## What the task requires
Would you please repeat exactly the entries below, starting at the line with "Scandinavian Modern Red" and ending at the line with "Image 23 of 50: Bedroom", and nothing outside that range? Leave out the pictures.

──────── Data ────────

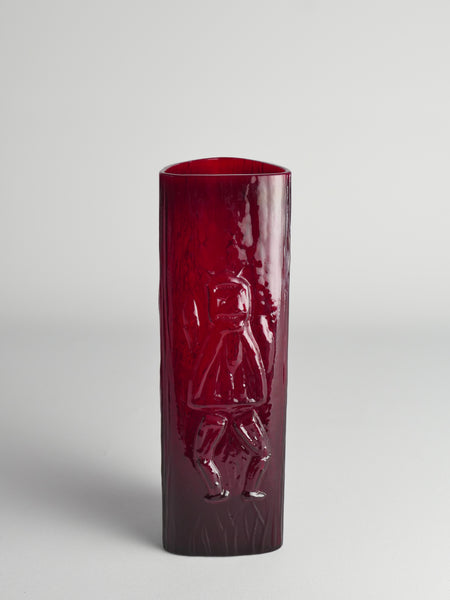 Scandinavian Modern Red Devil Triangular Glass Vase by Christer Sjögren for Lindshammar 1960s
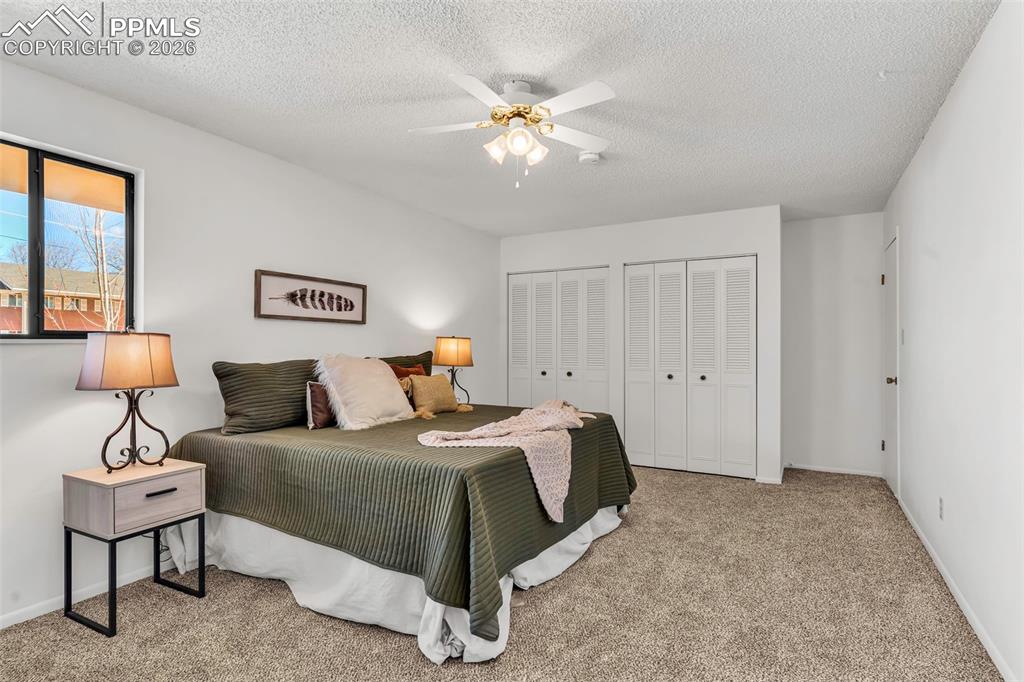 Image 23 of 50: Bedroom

────────
──────── Data ────────

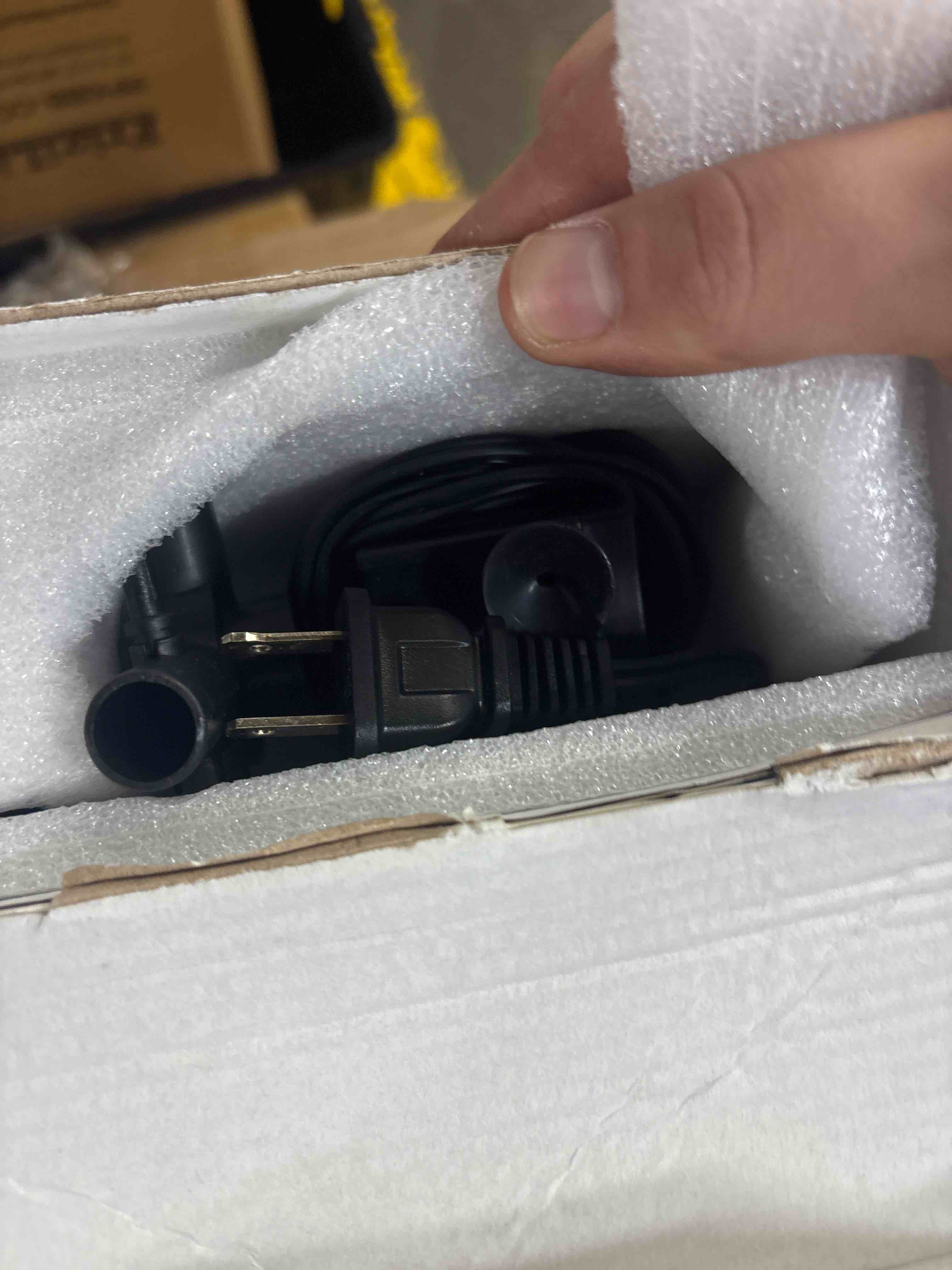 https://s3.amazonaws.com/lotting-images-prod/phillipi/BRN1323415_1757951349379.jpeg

────────

## Completed task
 Scandinavian Modern Red Devil Triangular Glass Vase by Christer Sjögren for Lindshammar 1960s
 Image 23 of 50: Bedroom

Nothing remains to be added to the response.